Dans sa pratique, Gui B.B explore le médium de la performance, ses potentialités d’impostures et de guérisons. Réfléchissant la performance comme une pratique de construction du monde, elle déploie des énoncés performatifs indisciplinaires où la théâtralité, l’ironie et la voix apparaissent comme matériaux principaux. En s’engageant dans différentes formes de parenté, son processus fait émerger de nouvelles constellations, de possibles reconfigurations aux récits dominants. Dans un foisonnement d’objets-gestes, elle crée des espaces dans lesquels le public peut faire l’expérience du non-sens, une éruption d’altérations aux identifications normatives. C’est dans ces espaces baroques qu’elle imagine des « trans-fiction » ludiques, des auto-récits poétiques où se créer une mythologie dissidente.
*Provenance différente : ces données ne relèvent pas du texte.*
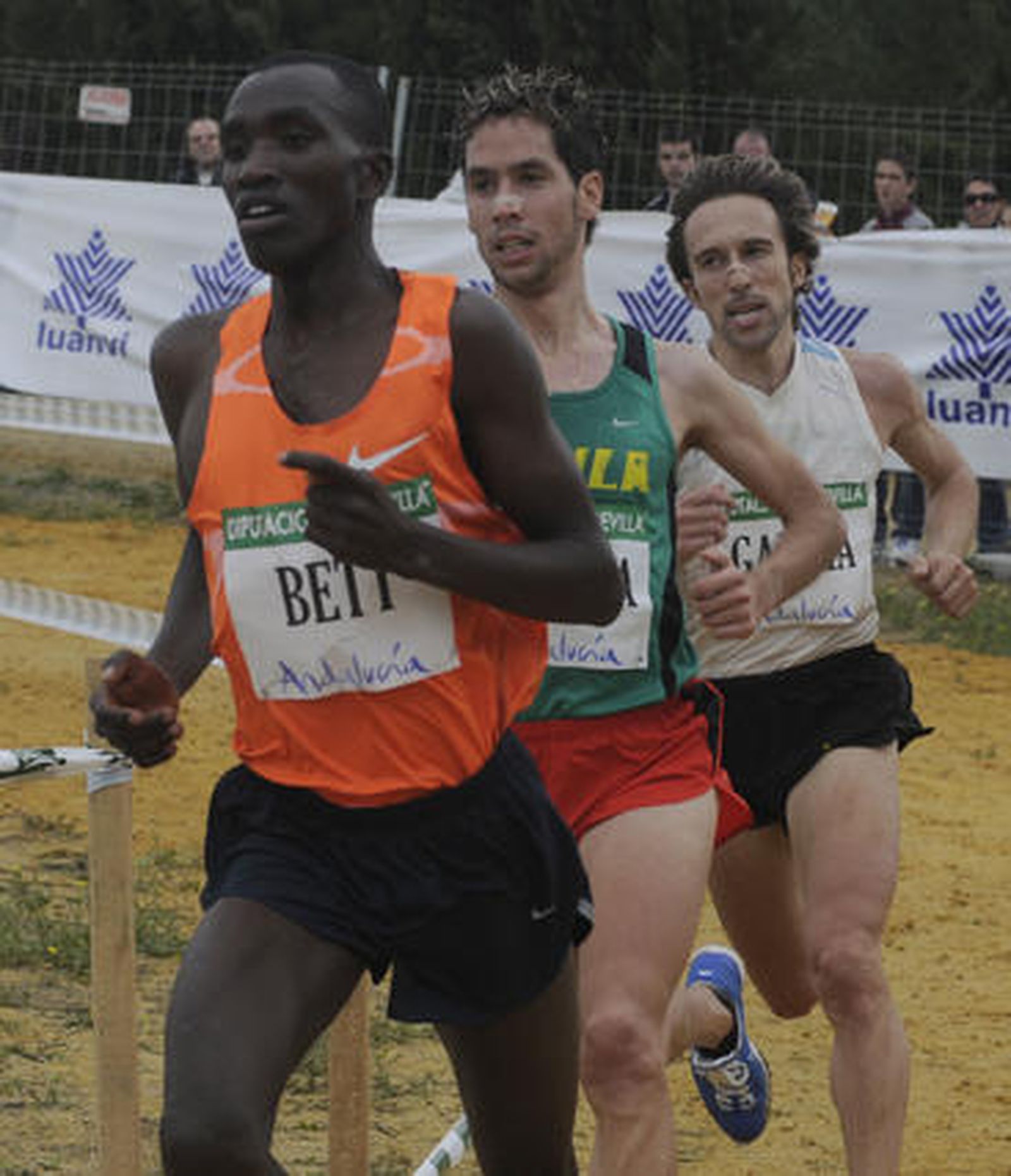 Foto: Juan Carlos Vázquez, Julio Muñoz (EFE), Javier Barbancho (Reuters)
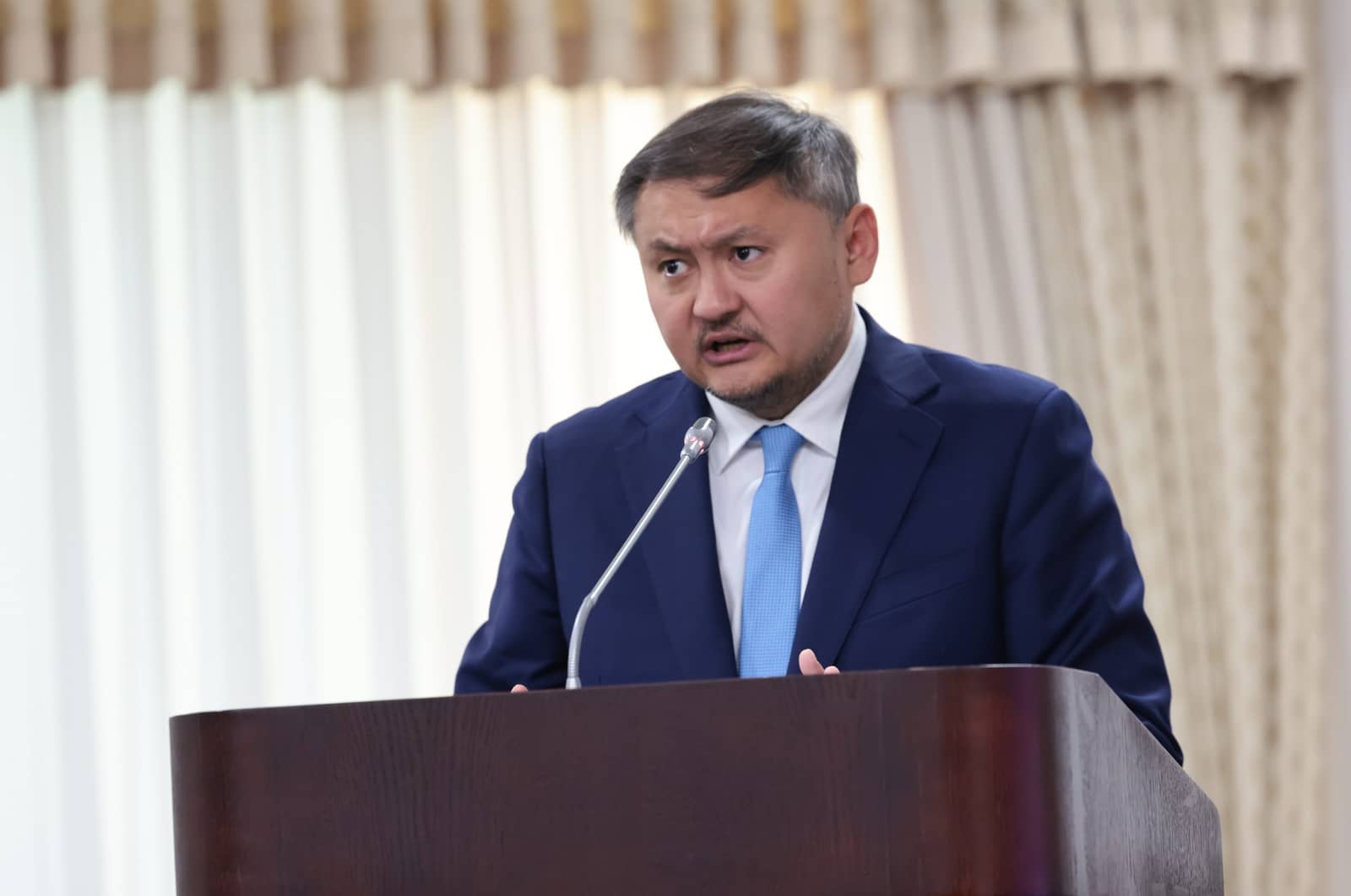 Министр отқа және суға төзімді кабельді сынақтан өткізді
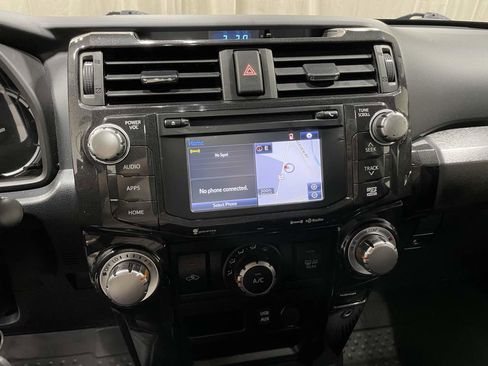 Used 2019 Toyota 4Runner TRD Off-Road Premium AWD/4WD image 12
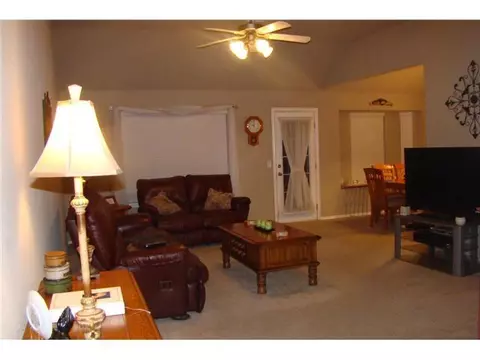 4415 Applegate Dr, Moore, OK 73160 photo 4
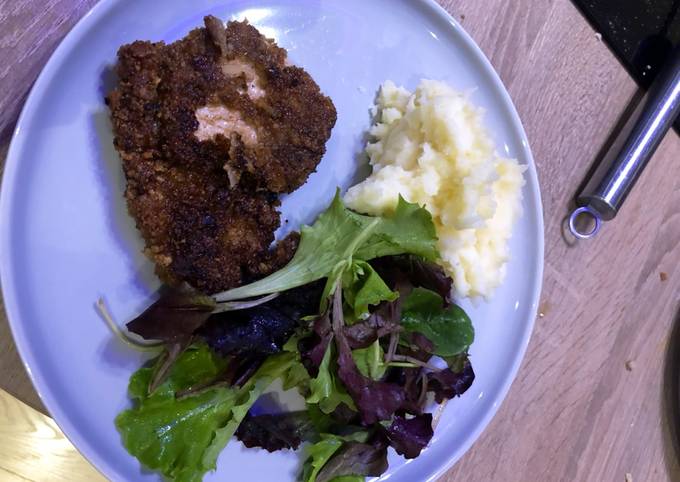 Colombia: Breaded pork cutlet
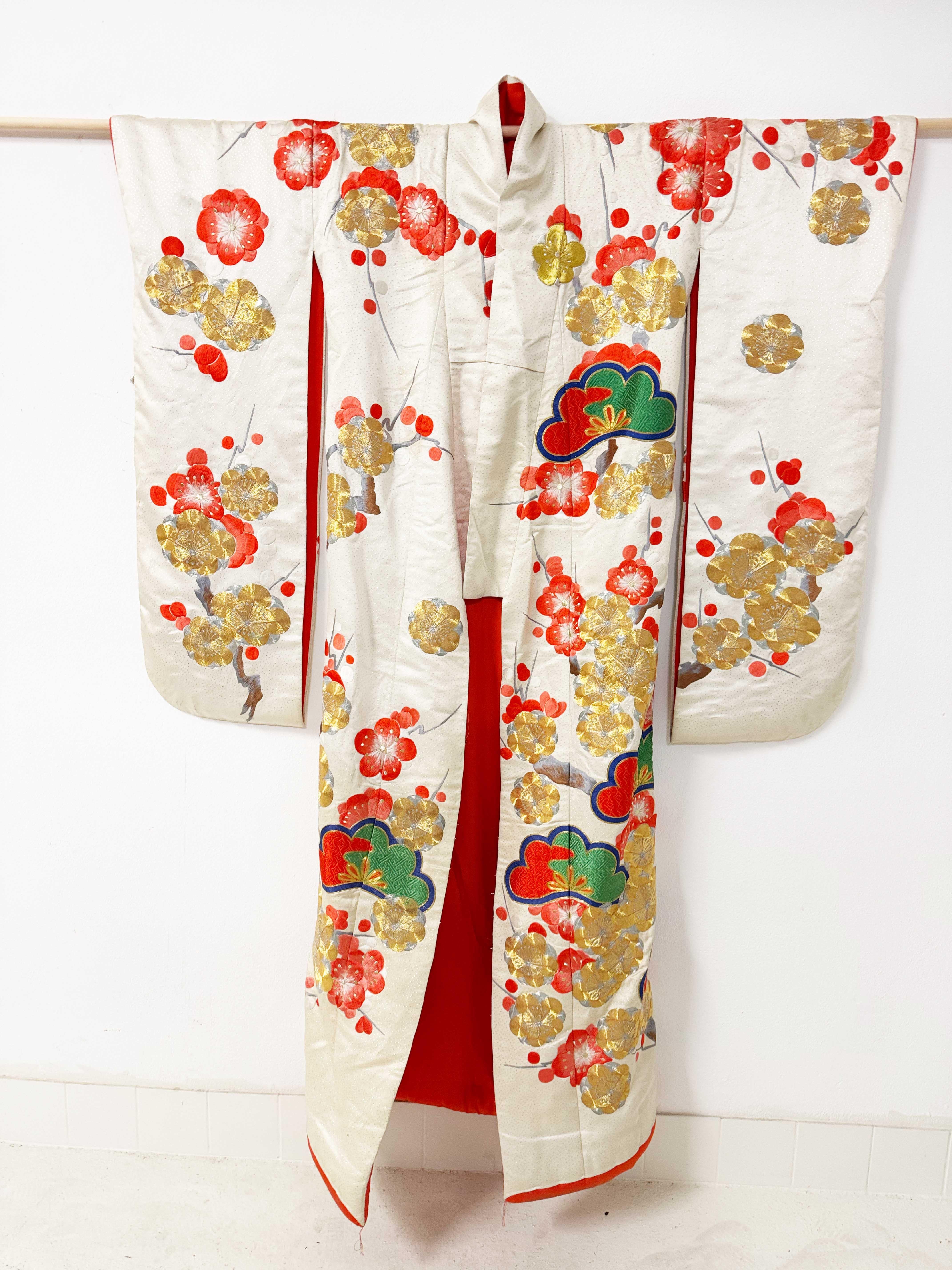 Abito da cerimonia Kimono giapponese in broccato di seta in vendita 10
Son travail collaboratif et solo a été présenté dans différents lieux et festivals (L’Écart, OFFTA, la Fonderie Darling, La RIPA, Arts-souterrain, CCOV. VIVA). Elle a aussi présenté dans différents espaces alternatifs où elle auto-explore le médium de la performance, ses potentialités d’impostures et de guérisons.
Ses références et ses concepts se dissolvent parfois dans l’oubli et l’agrégation. Elle néglige son dos, sa voix et sa mémoire et prend le temps de ne jamais être trop préparée d’avance.